EXERCISE: Go through the listing below and repeat it exactly, omitting each picture.

PROVIDED DATA:

= Beginning of Section =

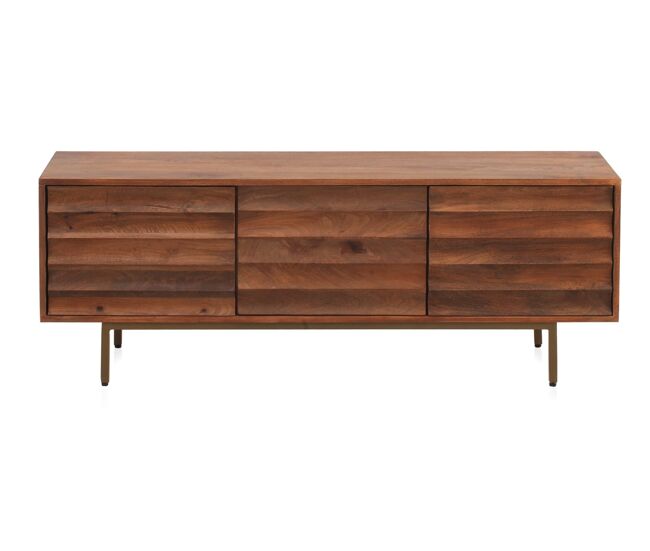 Mueble de TV de 3 puertas de madera maciza de mango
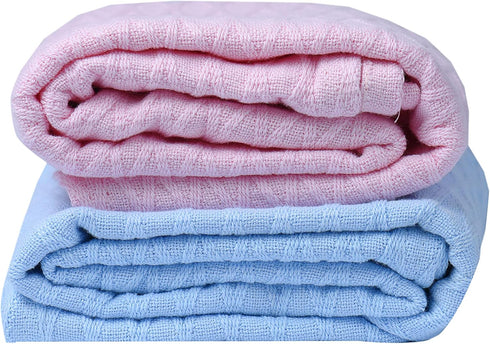 Linteum Textile (30x40 in, Blue) Toddler Baby NAP Blanket, Extra Soft 100% Cotton, Cozy & Warm, Perfect for Cuddling, Sleeping...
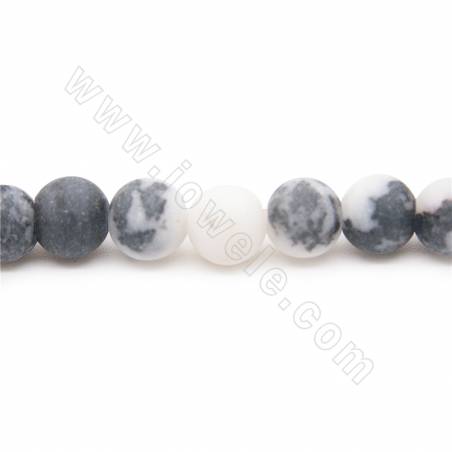 Natürliche schwarz weiße Zebra Jaspis Perlen Strang runden Durchmesser 6 mm Loch 1,2 mm ca. 65 Perlen / Strang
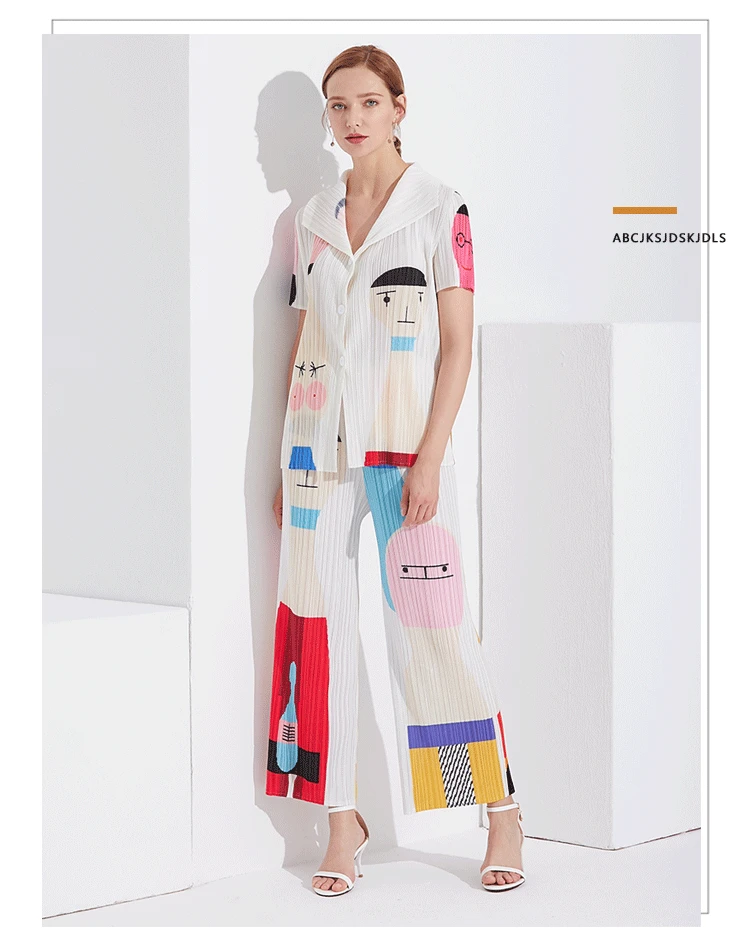 Костюм Miyake flower Женский летняя новая Европейская и американская уличная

= End of Section =

THE COMPLETED TASK:
 Mueble de TV de 3 puertas de madera maciza de mango
 Linteum Textile (30x40 in, Blue) Toddler Baby NAP Blanket, Extra Soft 100% Cotton, Cozy & Warm, Perfect for Cuddling, Sleeping...
 Natürliche schwarz weiße Zebra Jaspis Perlen Strang runden Durchmesser 6 mm Loch 1,2 mm ca. 65 Perlen / Strang
 Костюм Miyake flower Женский летняя новая Европейская и американская уличная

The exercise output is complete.